(Problem statement): Find the line with "Esmalte de uñas Mint" in the entries below, then reproduce it and every line after it down to and including the line with "Porsche 911 GT3, 2021", exactly.

(Material provided):
+ + +

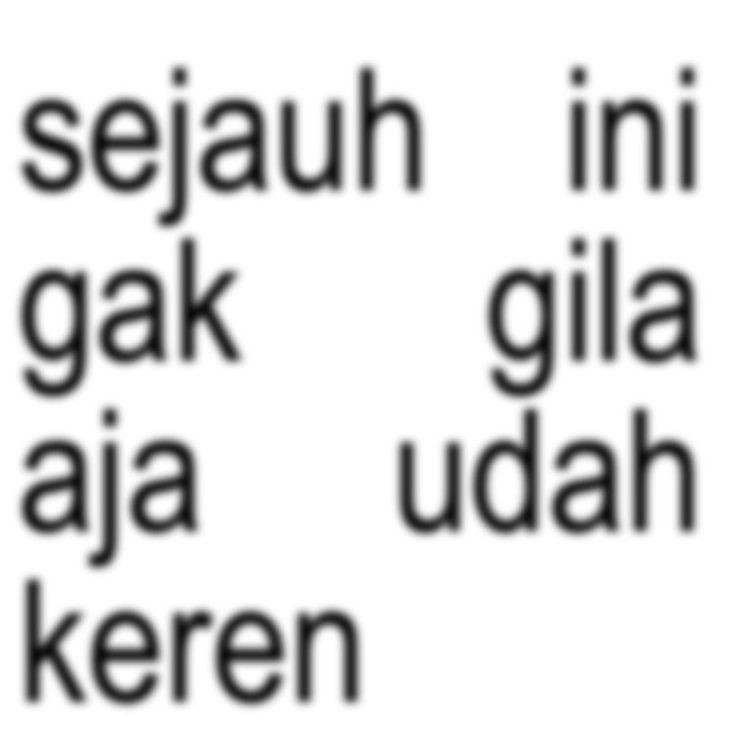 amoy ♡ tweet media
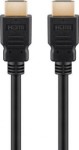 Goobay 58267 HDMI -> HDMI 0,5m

+ + +

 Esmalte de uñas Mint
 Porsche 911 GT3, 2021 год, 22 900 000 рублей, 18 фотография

+ + +

(Exercise response):
 Esmalte de uñas Mint
 Porsche 911 GT3, 2021 год, 22 900 000 рублей, 18 фотография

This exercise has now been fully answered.